Kardashian sorgt beim Monaco Grand Prix 2026 für Eklat – und Hamilton küsst ihr den Pokal zu
Frida StiebitzKardashian sorgt beim Monaco Grand Prix 2026 für Eklat – und Hamilton küsst ihr den Pokal zu
Kurze Begegnung beim Monaco Grand Prix 2026 sorgt für Gesprächsstoff
Eine flüchtige Begegnung beim Monaco Grand Prix 2026 löste Diskussionen aus, nachdem Kim Kardashian gefilmt wurde, wie sie sich an den TV-Moderatoren Holly Willoughby und Michael McIntyre vorbeidrängte. Die Szene spielte sich ab, als der Reality-Star sich durch die Menschenmenge schob, umgeben von ihrem Gefolge. Fans und Kommentatoren nahmen die Situation und die anschließenden Reaktionen schnell wahr.
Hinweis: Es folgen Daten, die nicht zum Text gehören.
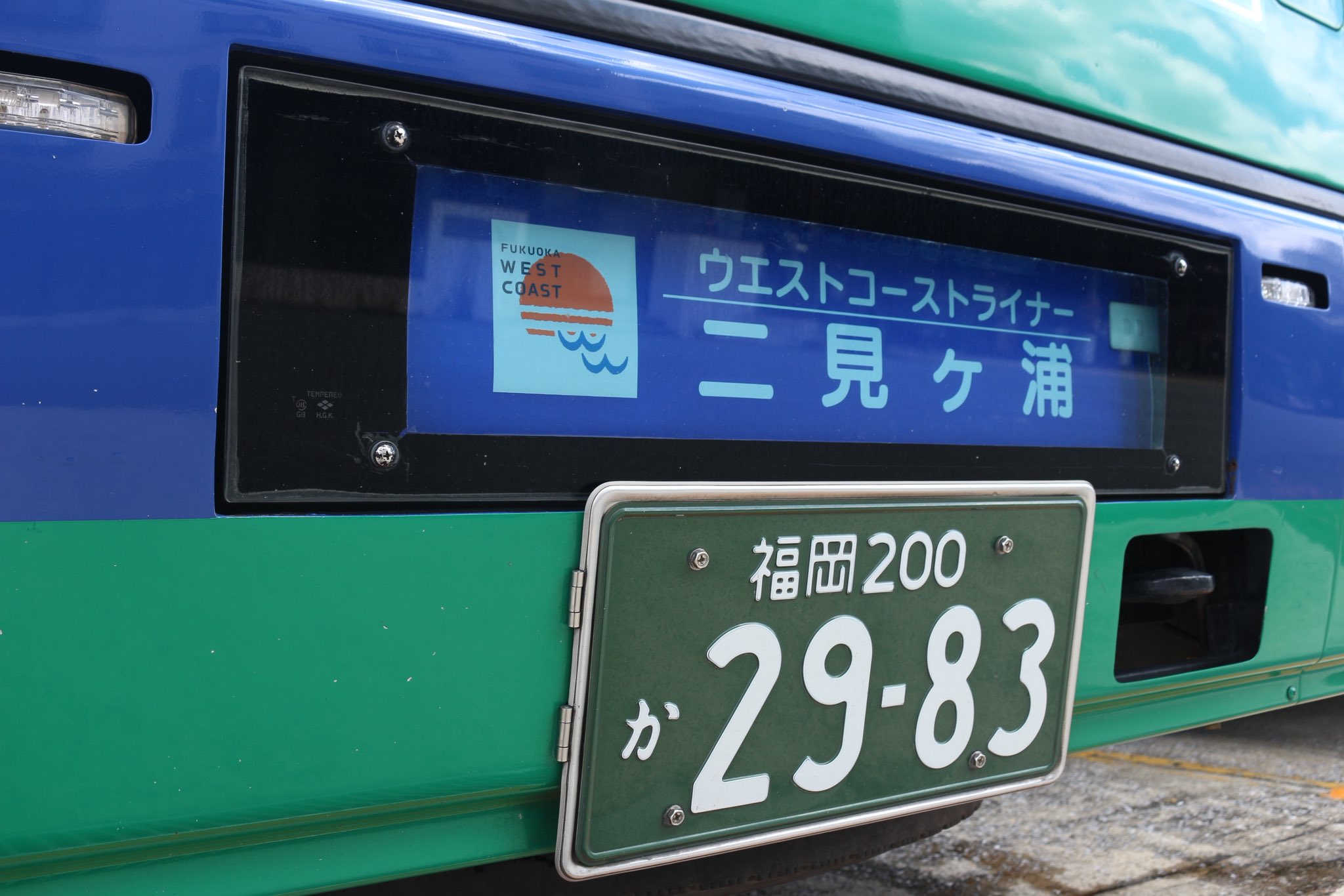 往復すぱっと号 on X: 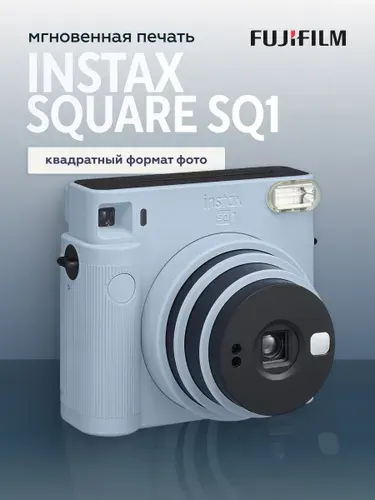Фотоаппарат моментальной печати Fujifilm Instax SQUARE SQ1, голубой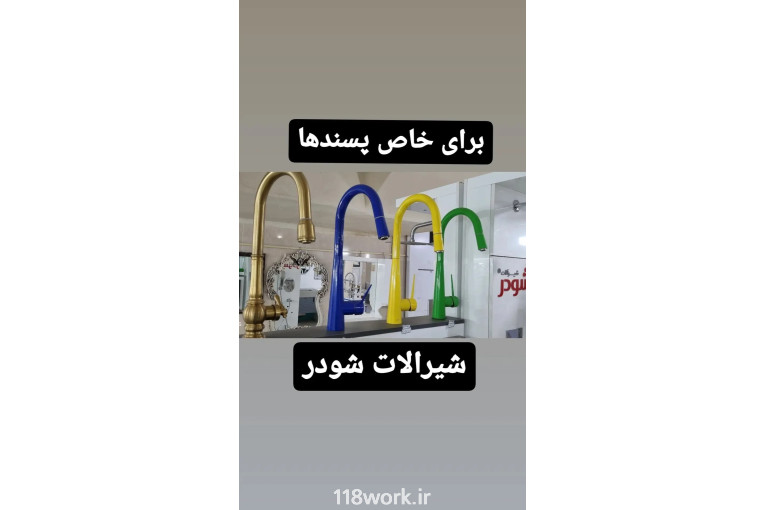 تاسیسات ساختمانی کوثر در شهر بابک کرمان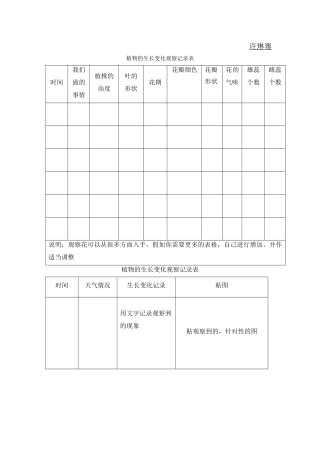 植物的生长变化观察记录表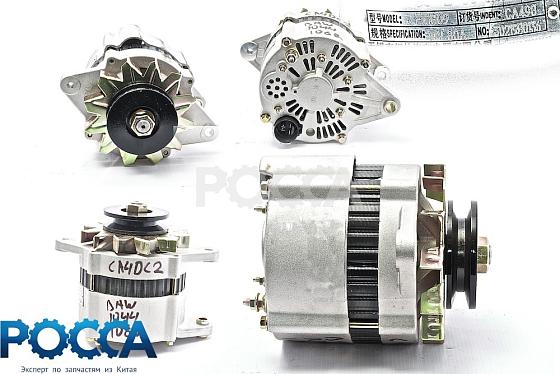 Генератор JFZ175-031 Евро-3 BAW (Бав) Fenix 1044 1065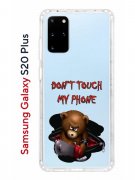 Чехол-накладка Samsung Galaxy S20 Plus Kruche Print Не бери мой телефон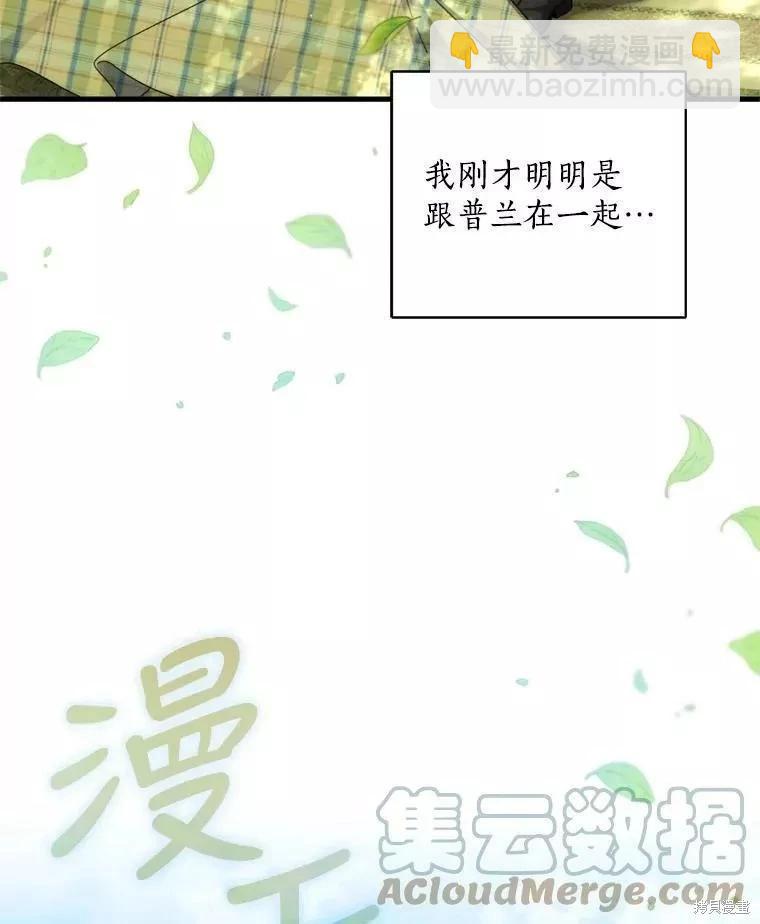 8級魔法師的迴歸 - 第71話(1/3) - 1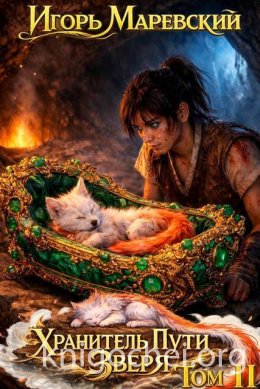 Хранитель Пути Зверя. Том 2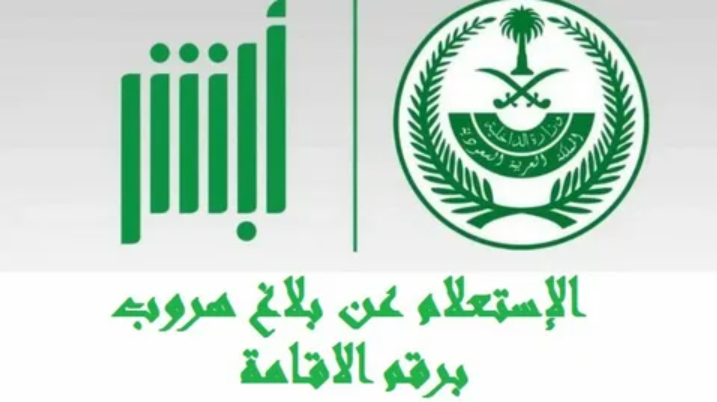 استعلام عن بلاغات الهروب في السعوديه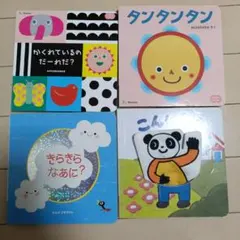 こどもちゃれんじ baby　絵本　タンタンタン　4冊セットのサムネイル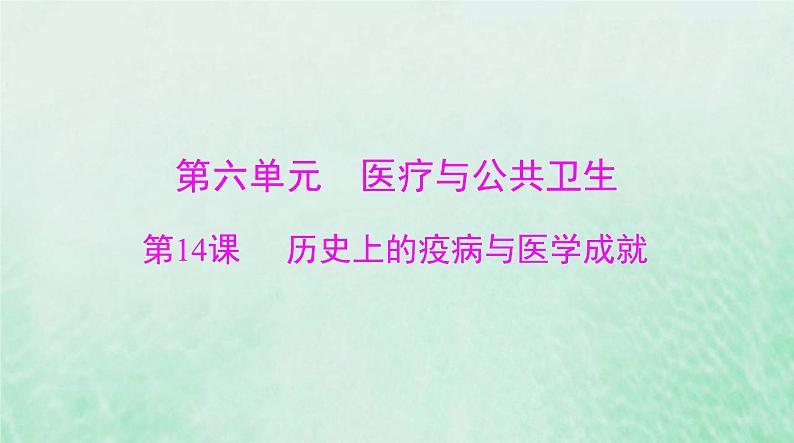 2024届高考历史一轮总复习选择性必修2第六单元第14课历史上的疫病与医学成就课件01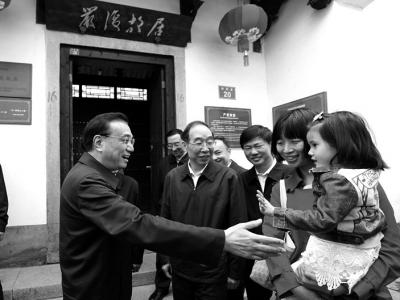 李克强参观严复故居:每个中国人都该记住严复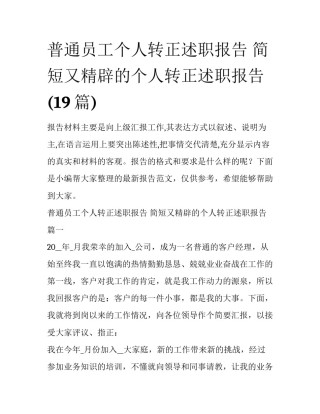 普通员工个人转正述职报告 简短又精辟的个人转正述职报告(19篇)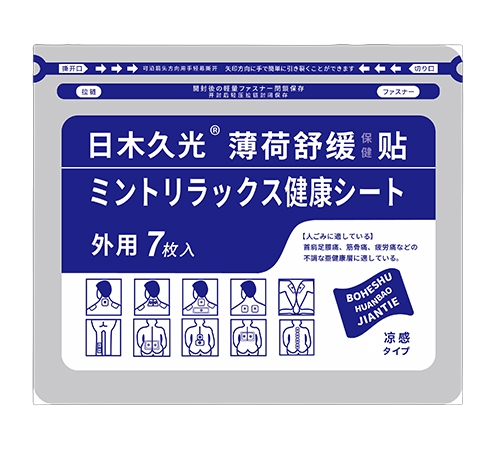 ��ľ�ù� �����滺������|˵����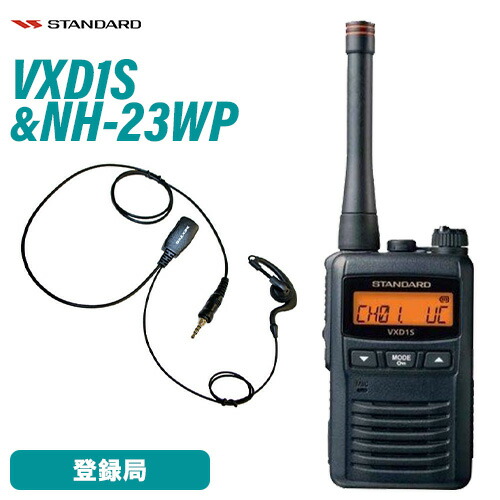 ＼全商品ポイントアップ／ スタンダード VXD1S 携帯型デジタルトランシーバー 1Wタイプ 増波対応 + NH-23WP(F.R.C製) イヤホンマイク 無線機｜無線計画 インカムショップ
Die 45-jährige Kardashian besuchte die Veranstaltung, um ihren Freund Lewis Hamilton zu unterstützen, der im Rennen den zweiten Platz belegte. Als sie sich durch die vollen Ränge bewegte, bahnte ihr Sicherheitsteam einen Weg – dabei stießen sie versehentlich mit Willoughby und McIntyre zusammen. Der Comedian scherzte später in den sozialen Medien, er sei „von Kardashian beiseitegewischt“ worden und behauptete sogar, ihm täte der Rücken von dem Schubs weh.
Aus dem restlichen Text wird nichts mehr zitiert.